BZ’s Note: If I’m considered a "Guest Columnist," then today’s Playing the Numbers Game is written by a Guest-guest Columnist, our very own Horn Brain. He came up with a great idea for a column last week and I just let him run with it. What follows is an only lightly-edited version of what he came up with – an in-depth look at the BCS in a manner I’ve never seen before. Enjoy, kids. --BZ--
So, let’s start with a little background to explain why this is so incredibly geeky:
I’m an aerospace engineering undergrad, so I want to build freakin’ spaceships. I’m also an aerospace engineering undergrad at the University of Texas, so I’m crazy about football. The only logical next step is to crunch statistics like there’s no tomorrow and write about it on the Internet. We cool? Cool.
Now that the pleasantries have been dispensed with, let’s talk about the uncomfortable dis-pleasantry that is the BCS. We all know how it works: Teams get a certain number of points from each poll, whether human or computer, then the points are added up and divided by the maximum possible to give a percentage score, which is averaged into the final BCS average, which you use to rank the teams. The Harris and USA Today polls each count for one-third of a team’s final BCS average, while the computers have the extremes thrown out, and then are all averaged together as the other third. I understand that I just said "we all know how it works," and then proceeded to explain it, but that’s just me stroking everyone’s ego, while simultaneously letting anyone who doesn’t know, know. Cute, right? Yeah, I lied about the pleasantries being dispensed with.
What we don’t all know is the nitty-gritty of what’s really going on inside the aforementioned formulaic festivities quantitatively. We all look at Hawaii and say "Oh, computer no likes. Humans likes. Computer dumb," Or, "The humans have succumbed mightily to the hype on this Hawaii team." We can see that discrepancies occur, but what I’ve done for you all is written a big, ugly Excel spreadsheet that crunches over 100,000 data entries into a few numbers that tell you how often/big those discrepancies occur/are. The standard deviations that I’ve collected are basically going to tell you how far off you can expect a poll to rank a team from where it actually ends up in the BCS Rankings.
If you already understand what the standard deviation of a set is and what it measures, good, skip to the next section, if not, read ahead to bone up.

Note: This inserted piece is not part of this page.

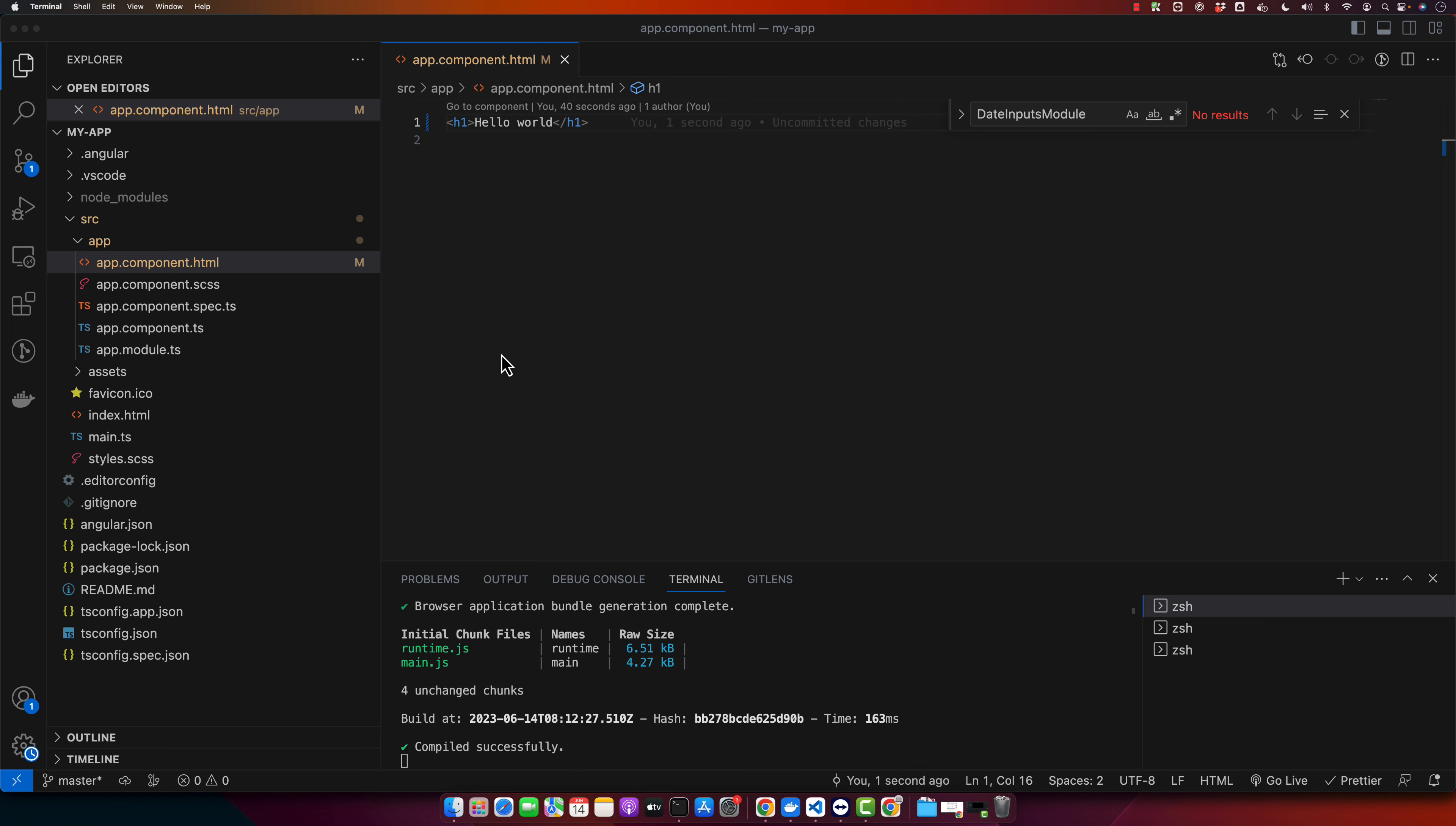First we need to define the route for our about page. We do this in the app routing module. Right now we don't have any app routing module yet, so I will generate it first.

If you neither know, nor care, go ahead and skip to the next section, but also be aware that you’ll be taking my word at face value.

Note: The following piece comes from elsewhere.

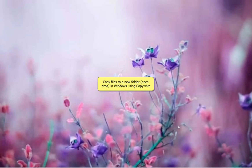Welcome! This video will show you how to copy files into a new folder automatically each time using CopyWiz for Windows.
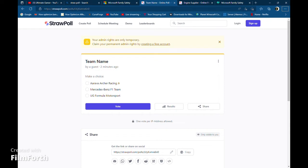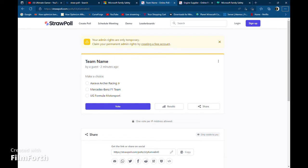All right guys, so this vote is on our team name. We could either do Aarava Archer Racing Jr., a nod to Aarava my favorite F1 YouTuber; Mercedes-Benz F1 Team, which is totally different than Mercedes AMG F1 Formula One Motorsport, it's basically just them entering F1 a second time; and Ultimate Gamer Foldable Formula Motorsport, which is truly original to the channel.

Say I start the Horn Brain poll of unlimited vagary and speculation, publish my poll for all eternity, then I crunch all my own numbers and come up with a standard deviation of 7.5. That means that you could expect my ranking to be within 7.5 places of a team’s BCS ranking most of the time. The smaller my standard deviation, the closer you would expect my poll to be to the BCS. If I was smart about it and published my numbers immediately after the BCS came out every week by scrawling "Horn Brain" over the BCS in "BCS Standings" with a burnt-orange crayon, then my standard deviation would be zero, because my rankings were the BCS rankings. Instead, if the BCS ranked Texas #10 and OU #5 and I ranked Texas #11 and OU #4, my standard deviation for these two rankings would be 1. If I ranked Texas #12 and OU #3, my standard deviation from the BCS Rankings would be 2. If I ranked Texas #11 and OU #3, my standard deviation would be in between 1 and 2 (actually about 1.58). This is a ridiculously small sample size, but you can get the idea. Clear? Sorry to bore you, on to the madness!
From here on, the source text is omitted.